- Genre: Cooking show
- Directed by: José Manuel Rodriguez Bermejo
- Presented by: Alejandra Ramos
- Country of origin: United States
- Original language: English
- No. of seasons: 4
- No. of episodes: 30

Production
- Executive producers: Steve Humble; Alyssa Hastrich; Rachel Knobelman; Jilly Pearce; Ernie Manouse; Valerie W. Chew; Layla Smith; Donna MacLetchie;
- Producer: Sev DeMyers
- Cinematography: Carlos F. Gonzalez; Steve Lopez;
- Running time: 52–54 minutes
- Production companies: VPM; Objective Media Group America; All3Media America;

Original release
- Network: PBS
- Release: June 24, 2022 – present

= The Great American Recipe =

Cooking competition PBS show

The Great American Recipe is an American cooking competition television series that airs on PBS. Each season, home cooks from across the United States showcase America's diverse cuisine and compete to have one of their dishes named the "Great American Recipe." Following the first season, subsequent seasons used a no-elimination format to allow each contestant more time to share their story and hone their culinary skills.

==Seasons==
===Season 1===
The first season was filmed in Caroline County, Virginia. The judges were Tiffany Derry, Graham Elliot, and Leah Cohen, with Alejandra Ramos hosting.

The first winner of The Great American Recipe was Silvia Martinez, a blogger in San Luis Obispo, California. The companion cookbook, The Great American Recipe Cookbook, features her recipe for chiles en nogada on the cover.

===Season 2===
The second season was again judged by Derry, Elliot, and Cohen, with Ramos returning as host. Filming for the first seven episodes returned to Caroline County, then moved to Montgomery County, Texas, for the finale.
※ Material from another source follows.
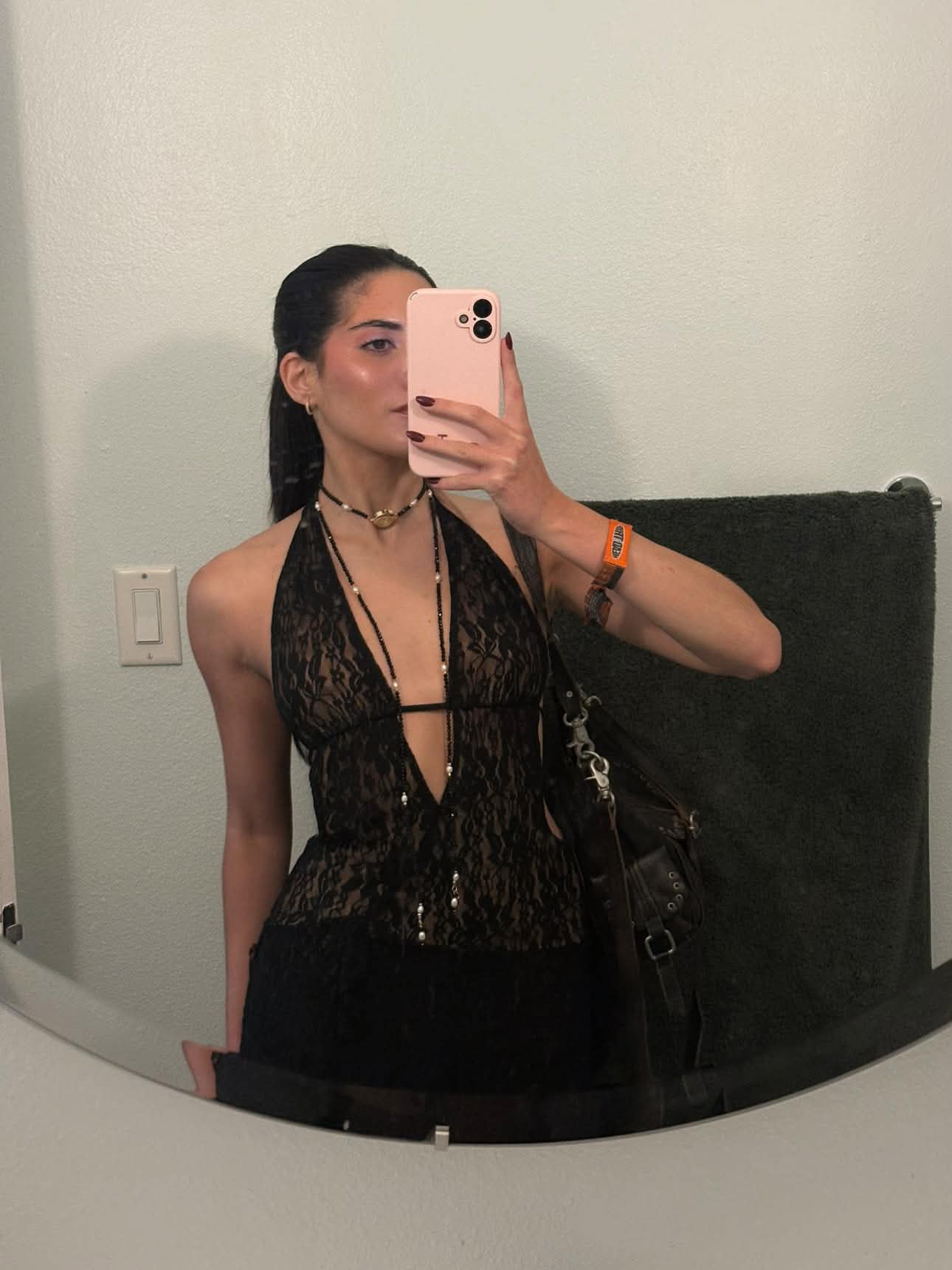 Client wearing the EARTH PLUS FIRE Alba Watch Lariat in black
Beginning in Season 2, contestants stayed on from week to week until the end of the penultimate episode, when the three top-performing cooks were chosen to advance to the final.

The winner of Season 2 was Brad Mahlof, a real estate developer in New York City. The Great American Recipe Cookbook: Season Two Edition features his recipe for mafrum and salatim on the cover.

===Season 3===
In Season 3, filming took place in Nashville, Tennessee, with Timothy Hollingsworth and Francis Lam replacing Graham Elliot and Leah Cohen. Season 1's winner, Silvia, returned as a guest judge in the final episode.

Recipes were still posted to the PBS website, but no further editions of the cookbook were published.

The winner of Season 3 was Adjo Honsou, a former biotech scientist and food truck owner in St. Louis, Missouri.

===Season 4===
Derry, Hollingsworth, Lam, and Ramos returned to Nashville for a six-episode Season 4 with eight home cooks.